In recent weeks, the team in the office of Liz Truss, the foreign secretary not much known for her knowledge or interest in development, has been working away at the Government’s new international development strategy. There have been reports of cuts to climate aid; cuts to emergency aid; cuts to development spending; only the women and girls agenda has, allegedly, been spared.
But the truth is likely to be less drastic; talk to people on the inside of this process and they’ll say that there have been so many drafts of the paper that, at some stage or other, all of the worst fears were true. But just as the international development strategy was due to be published, it was delayed. Because, behind closed doors, Boris Johnson is being heavily lobbied to restore Britain’s leadership in international development – a leadership position that, in Europe at least, the British appear to have ceded to the French. And the fear is that the UK, in cutting aid and cutting deals, is cutting itself out of the global conversation.

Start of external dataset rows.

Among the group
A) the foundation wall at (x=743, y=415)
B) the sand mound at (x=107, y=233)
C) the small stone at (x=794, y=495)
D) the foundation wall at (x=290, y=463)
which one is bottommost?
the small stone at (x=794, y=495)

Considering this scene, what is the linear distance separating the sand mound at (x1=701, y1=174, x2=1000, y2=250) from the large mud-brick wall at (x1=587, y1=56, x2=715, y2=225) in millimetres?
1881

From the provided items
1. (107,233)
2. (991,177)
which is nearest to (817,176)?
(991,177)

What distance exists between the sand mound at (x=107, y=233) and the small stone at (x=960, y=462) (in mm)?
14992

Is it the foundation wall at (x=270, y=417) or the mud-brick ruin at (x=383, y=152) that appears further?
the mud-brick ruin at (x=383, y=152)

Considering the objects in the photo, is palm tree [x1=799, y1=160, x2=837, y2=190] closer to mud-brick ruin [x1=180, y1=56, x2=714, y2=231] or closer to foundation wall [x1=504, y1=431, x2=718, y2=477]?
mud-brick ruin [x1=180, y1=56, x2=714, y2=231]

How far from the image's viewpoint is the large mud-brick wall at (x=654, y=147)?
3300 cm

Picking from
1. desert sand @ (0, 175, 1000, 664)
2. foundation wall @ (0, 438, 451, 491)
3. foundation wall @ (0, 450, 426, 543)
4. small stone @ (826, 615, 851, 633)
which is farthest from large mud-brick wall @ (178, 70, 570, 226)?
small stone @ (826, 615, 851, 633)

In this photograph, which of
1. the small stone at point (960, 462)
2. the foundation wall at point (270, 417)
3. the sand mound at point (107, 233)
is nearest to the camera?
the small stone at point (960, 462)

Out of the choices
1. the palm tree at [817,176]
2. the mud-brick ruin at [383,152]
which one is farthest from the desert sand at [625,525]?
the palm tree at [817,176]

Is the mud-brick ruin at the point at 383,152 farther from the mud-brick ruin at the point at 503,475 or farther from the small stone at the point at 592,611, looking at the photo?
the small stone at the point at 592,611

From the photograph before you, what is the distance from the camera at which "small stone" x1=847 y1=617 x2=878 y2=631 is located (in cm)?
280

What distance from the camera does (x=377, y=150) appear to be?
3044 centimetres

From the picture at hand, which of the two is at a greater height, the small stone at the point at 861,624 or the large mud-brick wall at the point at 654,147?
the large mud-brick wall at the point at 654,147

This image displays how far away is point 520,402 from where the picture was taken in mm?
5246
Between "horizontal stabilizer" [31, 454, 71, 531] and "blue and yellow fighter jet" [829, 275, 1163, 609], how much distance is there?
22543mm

And then, when you look at the situation in Ukraine, and immigration into the UK, while only 2,700 visas for Ukrainian refugees have been issued as part of the Homes for Ukraine scheme (less than 10 per cent of the 28,000 applications in the first fortnight), there’s also a political debate going on. One that involves foreign aid. About whether some foreign aid money can be used to help UK councils meet the housing costs for those families fleeing the war.

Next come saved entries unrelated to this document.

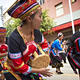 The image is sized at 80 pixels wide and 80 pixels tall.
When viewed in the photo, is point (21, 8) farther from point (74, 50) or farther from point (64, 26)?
point (64, 26)

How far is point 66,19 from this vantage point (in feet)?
73.6

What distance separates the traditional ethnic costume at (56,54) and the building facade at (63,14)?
12.8m

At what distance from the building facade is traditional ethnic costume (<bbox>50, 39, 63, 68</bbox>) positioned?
12779 mm

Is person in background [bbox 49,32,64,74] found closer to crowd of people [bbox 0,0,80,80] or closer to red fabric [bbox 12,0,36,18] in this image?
crowd of people [bbox 0,0,80,80]

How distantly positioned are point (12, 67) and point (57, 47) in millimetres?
5399

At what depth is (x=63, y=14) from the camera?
22.9m

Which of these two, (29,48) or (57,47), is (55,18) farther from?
(29,48)

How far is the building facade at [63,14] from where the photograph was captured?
20734mm

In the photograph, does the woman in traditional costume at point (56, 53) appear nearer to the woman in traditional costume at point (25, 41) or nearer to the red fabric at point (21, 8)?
the woman in traditional costume at point (25, 41)

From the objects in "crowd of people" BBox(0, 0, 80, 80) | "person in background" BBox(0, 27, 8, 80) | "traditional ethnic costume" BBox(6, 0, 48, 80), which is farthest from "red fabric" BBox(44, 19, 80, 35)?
"traditional ethnic costume" BBox(6, 0, 48, 80)

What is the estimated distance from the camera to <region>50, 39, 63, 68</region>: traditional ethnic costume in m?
7.55

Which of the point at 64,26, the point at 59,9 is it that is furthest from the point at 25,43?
the point at 59,9

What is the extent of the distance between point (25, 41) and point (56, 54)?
570 cm

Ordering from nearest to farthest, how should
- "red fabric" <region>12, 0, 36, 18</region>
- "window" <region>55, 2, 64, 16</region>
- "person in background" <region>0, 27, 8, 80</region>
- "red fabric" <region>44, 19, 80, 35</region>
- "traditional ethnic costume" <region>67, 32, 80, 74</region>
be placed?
"red fabric" <region>12, 0, 36, 18</region>
"traditional ethnic costume" <region>67, 32, 80, 74</region>
"person in background" <region>0, 27, 8, 80</region>
"red fabric" <region>44, 19, 80, 35</region>
"window" <region>55, 2, 64, 16</region>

Nearly a month ago, when Russia’s invasion was just two weeks old and there were then already half a million Ukrainian refugees, the UK had issued just 50 visas. Simon Jenkins wrote a piece in The Guardian that I can’t stop thinking about. “Ukrainian refugees, meet Britain’s hostile environment”, it was called; and he said: “The obsession with halting migration has entered the Home Office soul, a department now institutionally xenophobic. The result is shameful.”

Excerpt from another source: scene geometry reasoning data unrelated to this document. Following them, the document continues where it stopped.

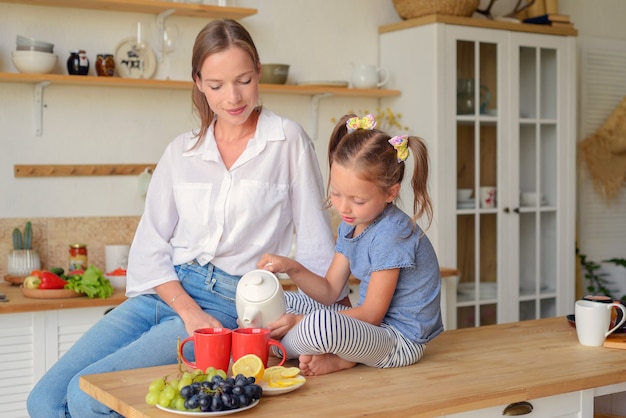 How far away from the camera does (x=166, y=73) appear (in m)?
3.91

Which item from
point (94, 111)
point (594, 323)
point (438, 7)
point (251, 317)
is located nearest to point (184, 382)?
point (251, 317)

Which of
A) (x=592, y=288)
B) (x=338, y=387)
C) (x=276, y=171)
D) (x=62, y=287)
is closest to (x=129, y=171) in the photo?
(x=62, y=287)

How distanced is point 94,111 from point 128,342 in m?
1.86

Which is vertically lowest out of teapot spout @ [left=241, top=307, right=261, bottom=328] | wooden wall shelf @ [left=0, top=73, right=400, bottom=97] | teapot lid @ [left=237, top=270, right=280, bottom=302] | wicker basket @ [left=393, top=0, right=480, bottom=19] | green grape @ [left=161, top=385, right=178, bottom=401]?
green grape @ [left=161, top=385, right=178, bottom=401]

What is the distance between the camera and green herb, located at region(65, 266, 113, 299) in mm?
3242

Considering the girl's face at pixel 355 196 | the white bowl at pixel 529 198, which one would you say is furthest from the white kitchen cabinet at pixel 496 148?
the girl's face at pixel 355 196

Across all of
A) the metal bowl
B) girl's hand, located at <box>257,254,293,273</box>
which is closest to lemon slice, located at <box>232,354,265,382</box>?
girl's hand, located at <box>257,254,293,273</box>

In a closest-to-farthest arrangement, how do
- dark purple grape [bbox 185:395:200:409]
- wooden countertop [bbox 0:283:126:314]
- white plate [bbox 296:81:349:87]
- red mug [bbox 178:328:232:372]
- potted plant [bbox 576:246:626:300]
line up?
dark purple grape [bbox 185:395:200:409]
red mug [bbox 178:328:232:372]
wooden countertop [bbox 0:283:126:314]
white plate [bbox 296:81:349:87]
potted plant [bbox 576:246:626:300]

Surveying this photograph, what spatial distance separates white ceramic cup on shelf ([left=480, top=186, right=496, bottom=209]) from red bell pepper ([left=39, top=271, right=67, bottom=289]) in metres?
2.07

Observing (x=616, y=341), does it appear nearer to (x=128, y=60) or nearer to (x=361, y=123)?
(x=361, y=123)

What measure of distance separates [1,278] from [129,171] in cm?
69

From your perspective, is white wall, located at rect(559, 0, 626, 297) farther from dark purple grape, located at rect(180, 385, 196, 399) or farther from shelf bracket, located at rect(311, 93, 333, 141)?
dark purple grape, located at rect(180, 385, 196, 399)

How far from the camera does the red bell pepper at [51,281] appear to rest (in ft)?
10.6

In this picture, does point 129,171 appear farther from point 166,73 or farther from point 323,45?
point 323,45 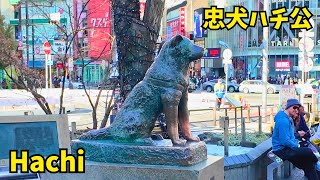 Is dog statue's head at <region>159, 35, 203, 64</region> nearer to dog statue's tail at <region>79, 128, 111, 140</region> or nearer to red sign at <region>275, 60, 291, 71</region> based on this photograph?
dog statue's tail at <region>79, 128, 111, 140</region>

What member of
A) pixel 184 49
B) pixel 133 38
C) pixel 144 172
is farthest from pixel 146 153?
pixel 133 38

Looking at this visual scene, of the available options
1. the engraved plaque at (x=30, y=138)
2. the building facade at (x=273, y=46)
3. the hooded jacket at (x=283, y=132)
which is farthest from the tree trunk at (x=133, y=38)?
the building facade at (x=273, y=46)

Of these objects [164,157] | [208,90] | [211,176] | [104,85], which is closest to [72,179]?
[164,157]

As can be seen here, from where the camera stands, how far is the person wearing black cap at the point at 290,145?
680cm

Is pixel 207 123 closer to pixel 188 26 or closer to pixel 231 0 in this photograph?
pixel 231 0

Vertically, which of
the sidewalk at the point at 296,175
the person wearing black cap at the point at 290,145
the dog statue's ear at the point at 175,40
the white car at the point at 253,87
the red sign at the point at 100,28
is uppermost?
the red sign at the point at 100,28

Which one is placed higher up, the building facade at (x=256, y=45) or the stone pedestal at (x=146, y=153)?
the building facade at (x=256, y=45)

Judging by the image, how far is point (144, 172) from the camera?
459 centimetres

There’s an argument in the UK about what got us here, how a country that prided itself on its compassion has come, institutionally at least, to seem so cold. Less caring about those in need abroad; less welcoming to those seeking a home here. And it’s easy to blame the bureaucracy – civil service paper pushers, government IT systems or budgetary constraints. But this is not accidental administrative error; it’s a pattern of personal, political choices.
In the question of how the UK handles the Houthis – coming, as it does, so close on the heels of Boris Johnson’s cap in hand visit to Riyadh – the prime minister faces another choice. Not a marginal or peripheral one, but a choice about the character of Britain in the world. Whether the United Kingdom is, in the words of Mr Johnson, “generous, welcoming and engaged in the world” or in fact, a weaker, needier country that, in the eyes of the world, is nastier.